We install and configure Crossplane, an open-source framework that enables you to provision managed cloud services like AWS S3 in your app environment.

This guide will take you through

  • Provisioning an S3 bucket as part of your application
  • Accessing the bucket from within your application

Provisioning an S3 Bucket​

To create an S3 bucket, add a yaml template file like this to your helm chart.

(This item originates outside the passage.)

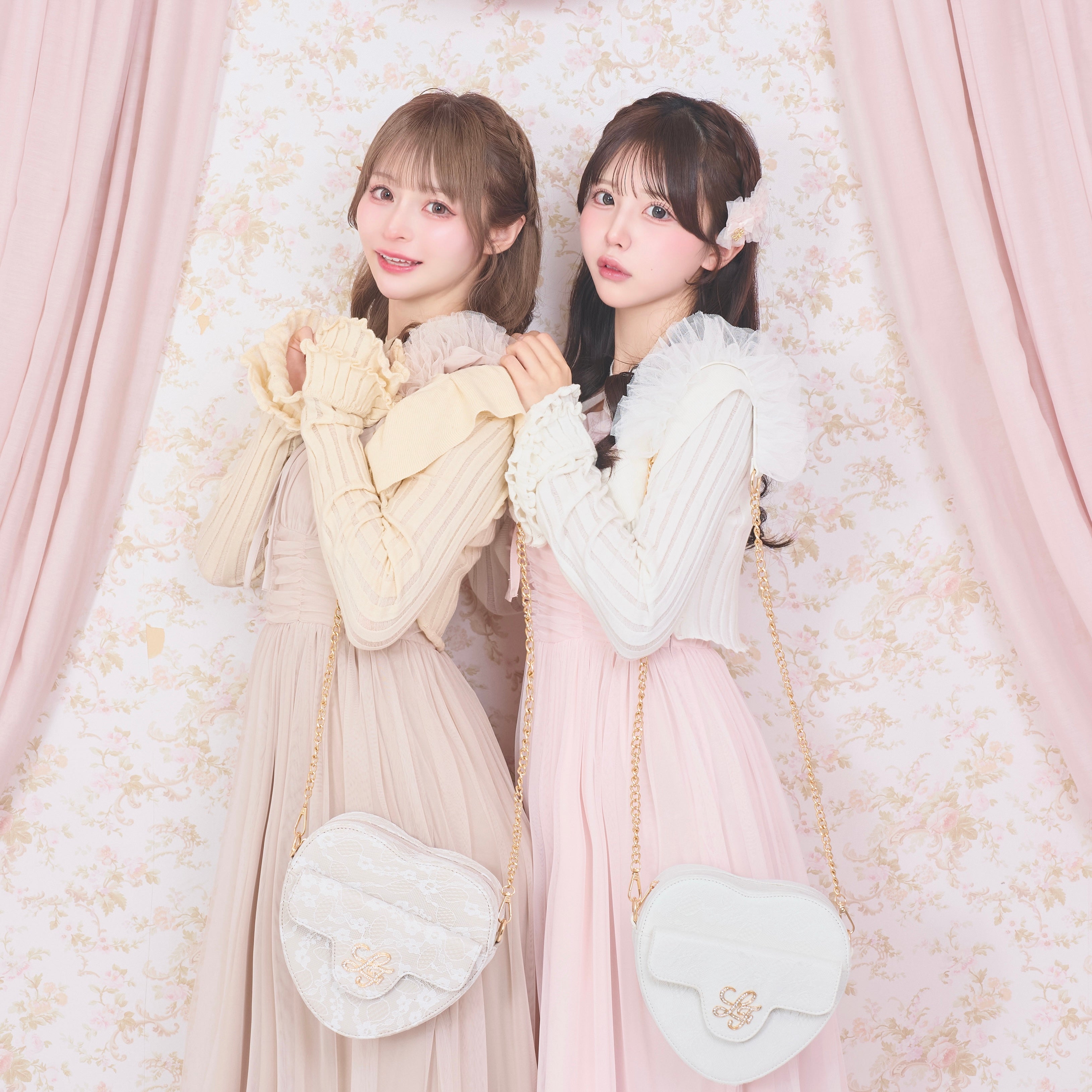 ベージュ:156cm/ピンク:154cm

{{- if .Values.s3.enabled }}
apiVersion: s3.aws.upbound.io/v1beta1
kind: Bucket
metadata:
name: { { .Values.s3.bucket_name } }
spec:
forProvider:
region: { { .Values.localops.region } }
forceDestory: true
providerConfigRef:
name: default
{{- end }}
info

In the above YAML configuration, the S3 region is specified using the localops.region Helm value, which is passed by LocalOps. This ensures that the S3 region dynamically aligns with the App Environment region. For more info refer this article.

When forceDestory is set to true all objects will be deleted from the bucket when the bucket is destroyed or when your application environment is archived. This enables the bucket to be destroyed without any errors. These objects are not recoverable.

tip

s3-helm-values-1 s3-helm-values-2

You can conditionally provision an s3 bucket and configure it using Helm values, allowing you to customize or dynamically configure the deployment based on your environment or requirements. While you create an app or new deployments on Localops you can specify these helm values.

Accessing the Bucket​

We use the credentials provided in your cloud connection to create your managed cloud resource. These credentials are made available as a Kubernetes Secret named cloud-provider-secret in the namespace inside which your application runs. You can pass these credentials as environment variables to the container hosting your application image by adding them to the pod template specification in your Helm chart.

apiVersion: apps/v1
kind: Deployment
metadata:
name: acme-api-deployment
spec:
replicas: 3
selector:
matchLabels:
app: acme-api
template:
metadata:
labels:
app: acme-api
spec:
containers:
- name: api-container
image: public.ecr.aws/ach42q1u/acme-api:1.0.0
ports:
- containerPort: 8080
env:
- name: AWS_ACCESS_KEY_ID
valueFrom:
secretKeyRef:
name: cloud-provider-secret
key: aws_access_key_id
- name: AWS_SECRET_ACCESS_KEY
valueFrom:
secretKeyRef:
name: cloud-provider-secret
key: aws_secret_access_key

Environment variables with keys AWS_ACCESS_KEY_ID and AWS_SECRET_ACCESS_KEY within the container that hosts your application image. You can read the environment variables with keys AWS_ACCESS_KEY_ID and AWS_SECRET_ACCESS_KEY exposed in the container and use these values from inside your application or use AWS SDKs which will utilize these environment variables by default to authenticate with AWS services.